Airin menggelengkan kepalanya saat Aster yang tengah berjalan berdampingan dengannya berbisik demikian. Tak hanya itu, Airin bahkan menghela nafasnya dalam, tak mengerti lagi dengan anaknya yang satu itu. Aster memang begitu berbeda dengan Arsen untuk beberapa hal. Apalagi soal berbicara.

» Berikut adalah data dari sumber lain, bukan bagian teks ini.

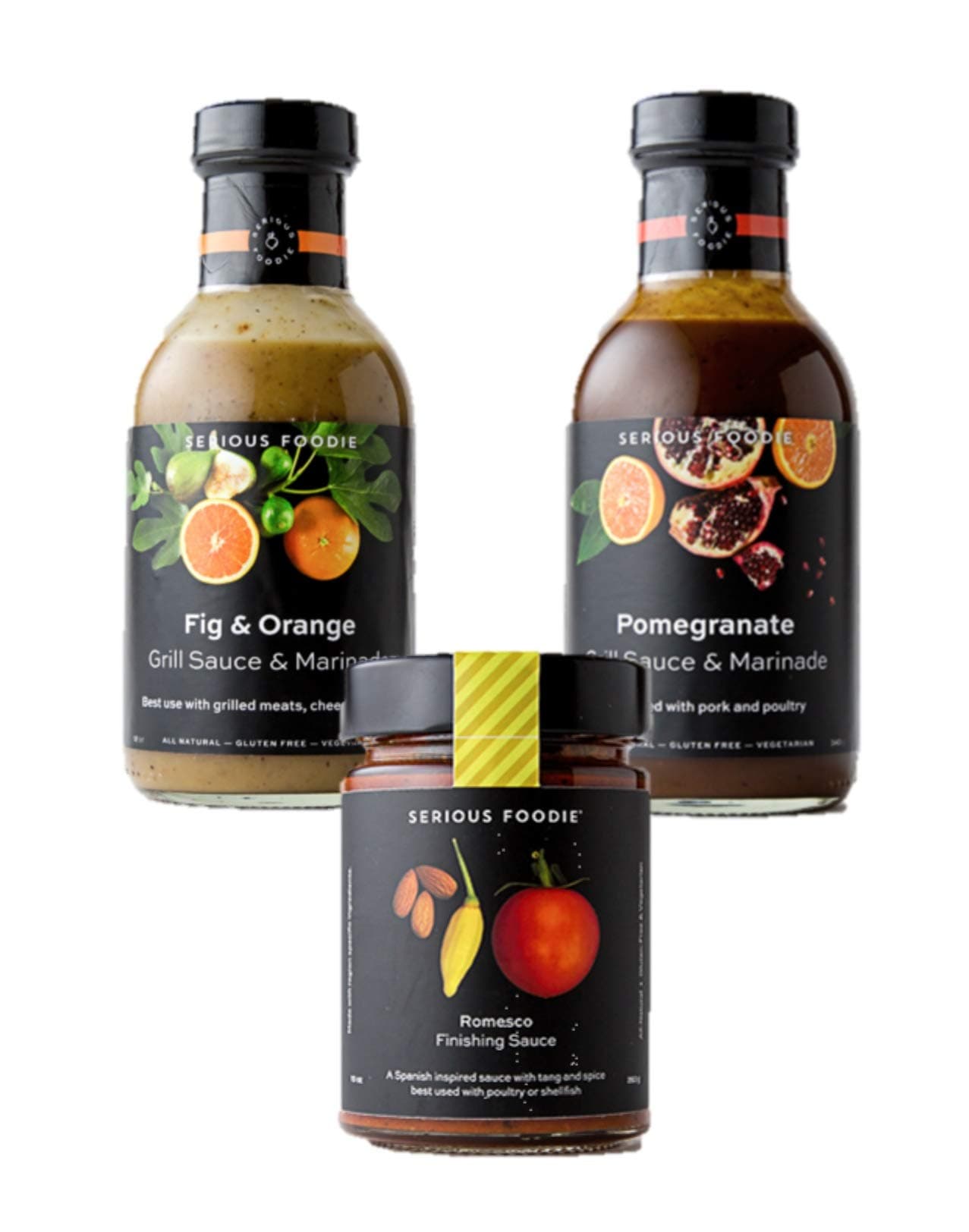 The Serious Foodie Sampler Pack - European Flavors: Fig & Orange Grill Sauce & Marinade, Romesco Finishing Sauce, Mediterranean Pomegranate Sauce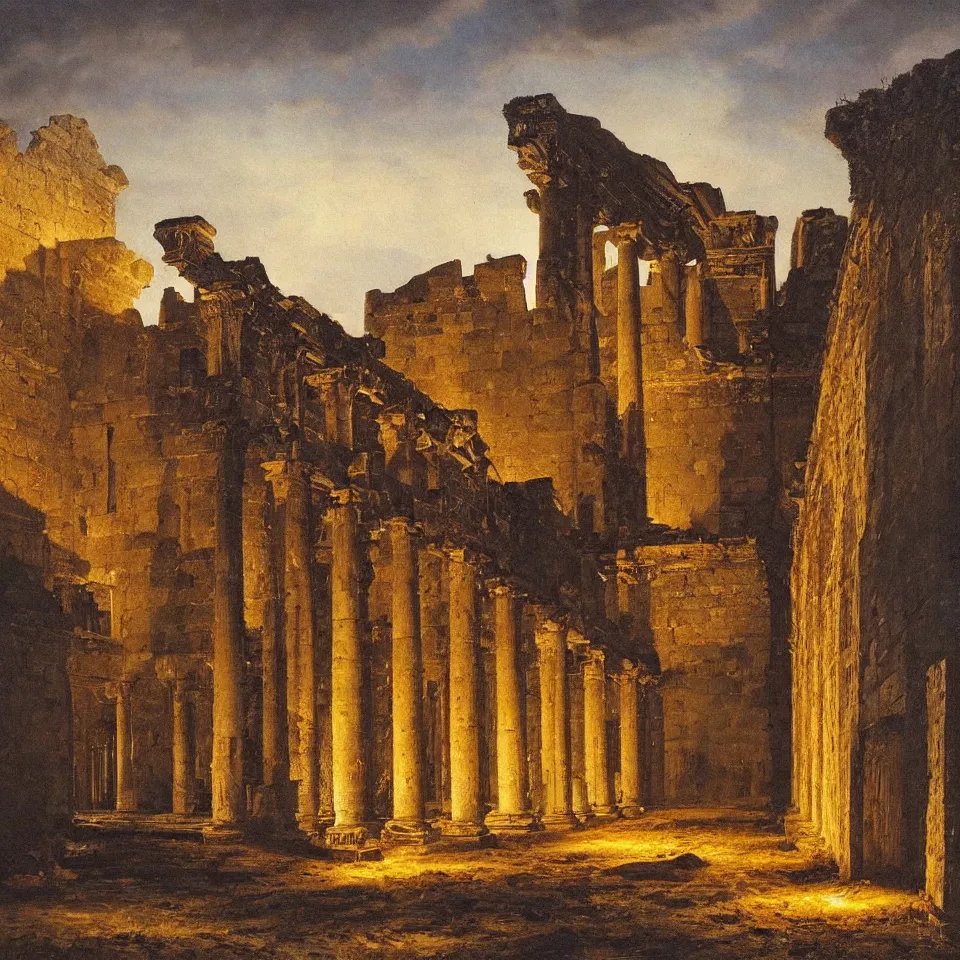Prompt: Eerie illuminated nighttime Roman ruins, painted by Ippolito Caffi, golden hour, bewitching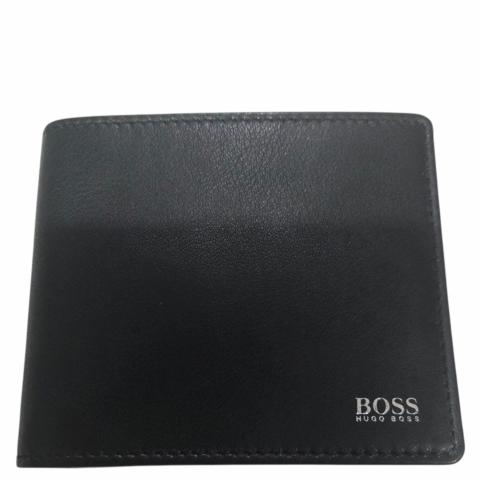 Boss by Hugo Boss Classic Smooth Leather Billfold Wallet with Coin Purse  Key Chain Black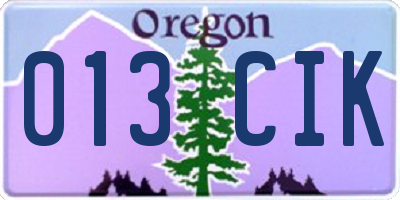 OR license plate 013CIK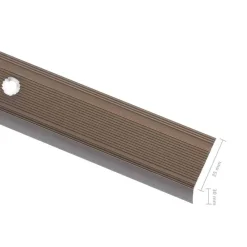 vidaXL Perfiles de peldaños forma de L 5 uds aluminio marrón 90 cm Marr&oacute;n New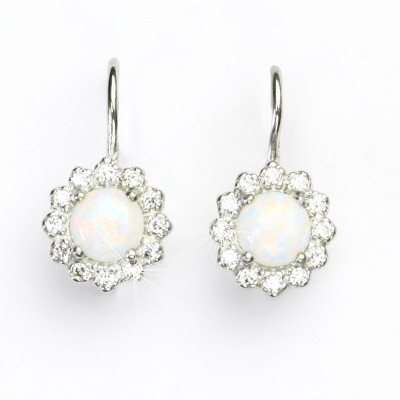 Stříbrné náušnice, čiré zirkony, bílý syntetický opál, NK 1495
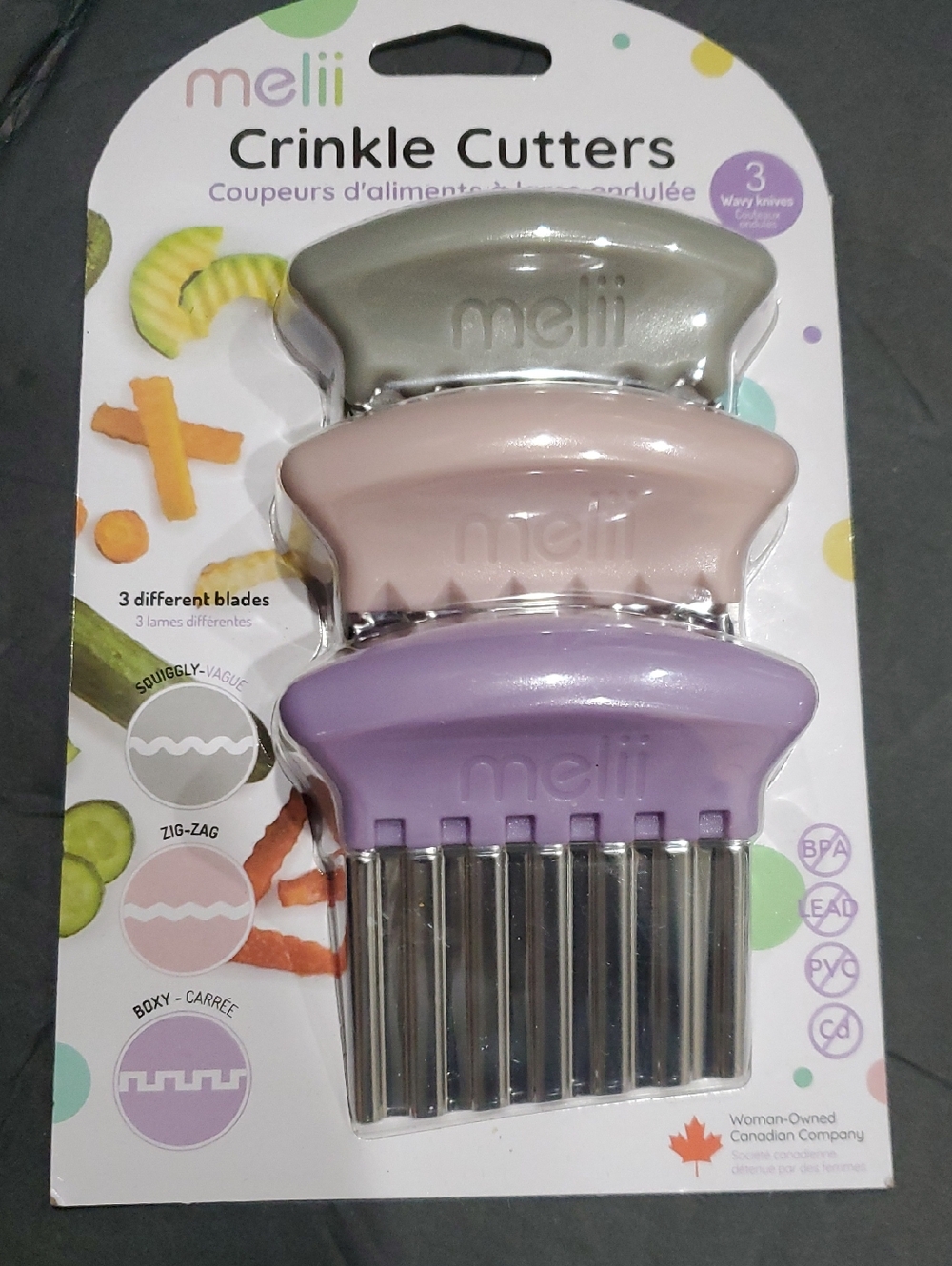 3piece Melii crinkle cutter with 3 different blades‎ brand new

"Aster, diamlah. Sekarang lebih baik kau fokus pada sekolah," ucap Airin berusaha mengingatkan.

Airin sendiri khawatir kalau Taesung dan Vee yang berjalan di depan mereka mendengar pembicaraannya dengan Aster. Bisa-bisa membuat Airin semakin tak enak lagi pada mereka. Apa yang terjadi sebelumnya saja sudah membuat Airin merasa tak enak. Aster benar-benar harus diajarkan lagi jika tempat tinggalnya sekarang berbeda dengan negara sebelumnya dia tinggal.

"Silahkan masuk, Nona Bae," ujar Taesung begitu dia telah membuka satu pintu ruangan bertuliskan 'Ruang kepala sekolah'.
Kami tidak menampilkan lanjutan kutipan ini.